Start of Data for the task
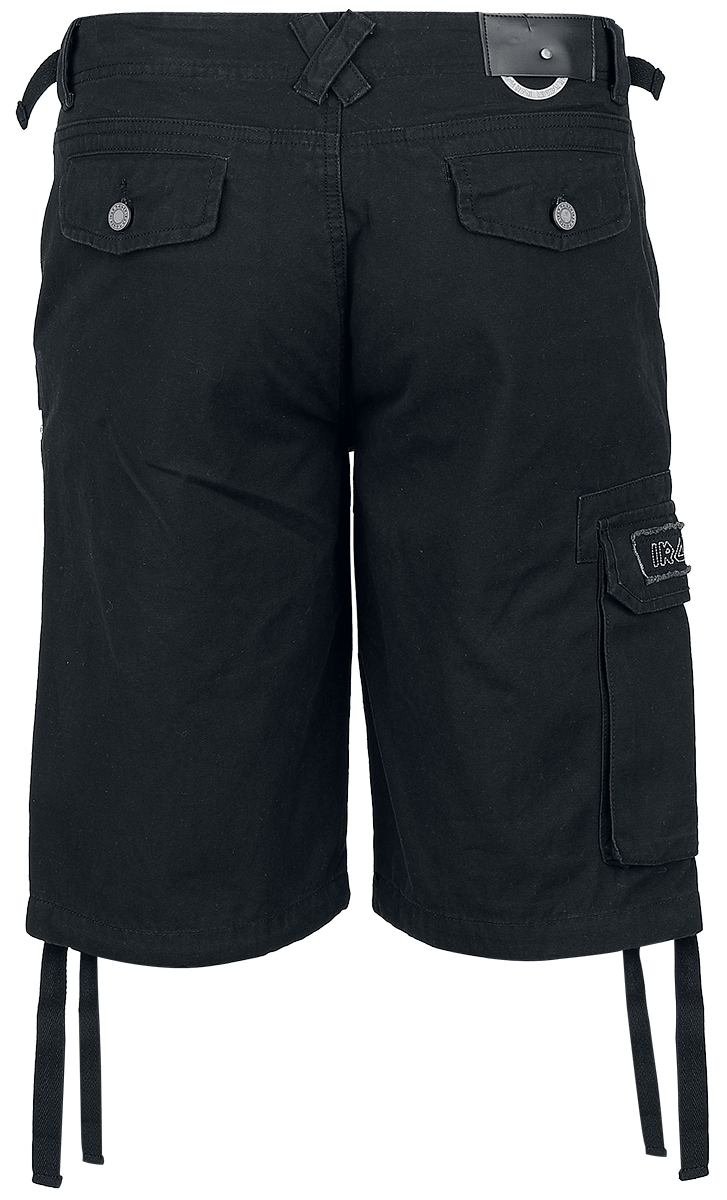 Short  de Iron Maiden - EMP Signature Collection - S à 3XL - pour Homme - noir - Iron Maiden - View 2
End of Data for the task
Start of Data for the task
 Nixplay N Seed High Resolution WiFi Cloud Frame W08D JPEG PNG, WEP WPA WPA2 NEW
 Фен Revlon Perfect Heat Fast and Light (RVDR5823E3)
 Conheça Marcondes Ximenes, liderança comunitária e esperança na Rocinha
End of Data for the task
## [Description of the task]
Word for word, restate the lines of the data above that fall between the line holding "Фен Revlon Perfect" and the line holding "Conheça Marcondes Ximenes, liderança", inclusive, and no other lines.

## [Solution]
 Фен Revlon Perfect Heat Fast and Light (RVDR5823E3)
 Conheça Marcondes Ximenes, liderança comunitária e esperança na Rocinha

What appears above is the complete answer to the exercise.